Nowe logo na masce rodzi pytania u przypadkowo spotkanych rozmówców i zaskoczenie, gdy sami odnajdują odpowiedź w postaci napisu "Dacia" na tylnej klapie. Tak stylizowane, złączone litery D i C wyglądają trochę szlachetniej, bardziej outdoorowo i dobrze pasują do LED-ów do jazdy dziennej, niż wcześniej umieszczony na masce chromowany "otwieracz do butelek".
W kabinie czeka bardzo dużo twardego plastiku, ale przemyślane detale wynoszą estetykę kawałek poza strefę budżetowości i trudno też przyczepić się do jakości montażu. Świetny efekt daje obszycie deski i podłokietników w drzwiach szarą tkaniną. Pomarańczowe akcenty na nawiewach, drzwiach czy przeszyciach fotela też wpadają w oko.
Z funkcjonalnego punktu widzenia, deska rozdzielcza broni się też bez tego. Elementy obsługi są ergonomicznie rozłożone, czytelność dobra. Panel automatycznej klimatyzacji nie tylko estetycznie wygląda, ale też jeszcze ma pokrętła (dużo droższe auta potrafią ich już nie mieć). Opcjonalne ogrzewanie foteli (700 zł) także reguluje się klasycznymi przyciskami. Zjedz to, BMW.
Wysoko ustawiony, niewielki jak na dzisiejsze standardy ekran znalazł się w optymalnym polu widzenia i daje się bardzo łatwo obsługiwać. Prosty i czytelny interfejs nie ma wydumanej grafiki, nawigacja jakaś też jest, ale realnie i tak bardziej przydatne okazują się CarPlay i Android Auto. Można żałować, że zabrakło klasycznej gałki do regulacji głośności, jednak do typowo francuskiej manetki obsługi radia pod kierownicą łatwo się przekonać.
Rzecz rzadko spotykana: z ekranem sąsiaduje dedykowany uchwyt do smartfona.

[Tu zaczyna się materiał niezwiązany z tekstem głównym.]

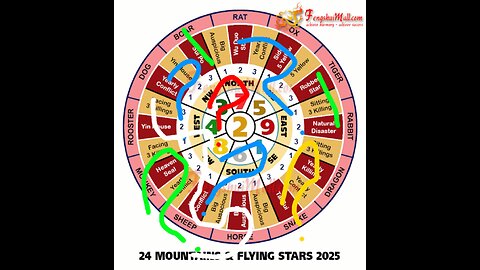 Feng Shui for 2025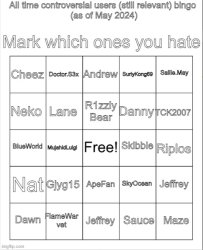 Controversial users bingo 2024 May (By Neko) Meme Template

Nad mechanizmem jego "zapinania" Dacia mogłaby jeszcze popracować, ale sam pomysł jest fajny. Jeśli się nie zamówi systemu Media Nav z ośmiocalowym ekranem (1600 zł), to w jego miejscu jest tylko klips na smartfona i wówczas to on pełni funkcję ekranu menu. Pomysłowy detal po stronie pasażera: odchylany haczyk na torebkę.
W podsufitce znalazł się przycisk SOS (wyposażenie obowiązkowe i takie rzeczy poza potencjalnym ratowaniem życia też powodują wzrosty cen), ale do otwierania szklanego szyberdachu służy przełącznik znajdujący się na tunelu między fotelami, tuż obok przycisku od elektrycznego hamulca ręcznego (1600 zł w pakiecie z czujnikami parkowania i martwego pola, regulacją wysokości fotela kierowcy, podłokietnikiem – uczciwa oferta). Te 2200 zł za szyberdach spokojnie można sobie darować – jest niewielki i zabiera trochę miejsca nad głową.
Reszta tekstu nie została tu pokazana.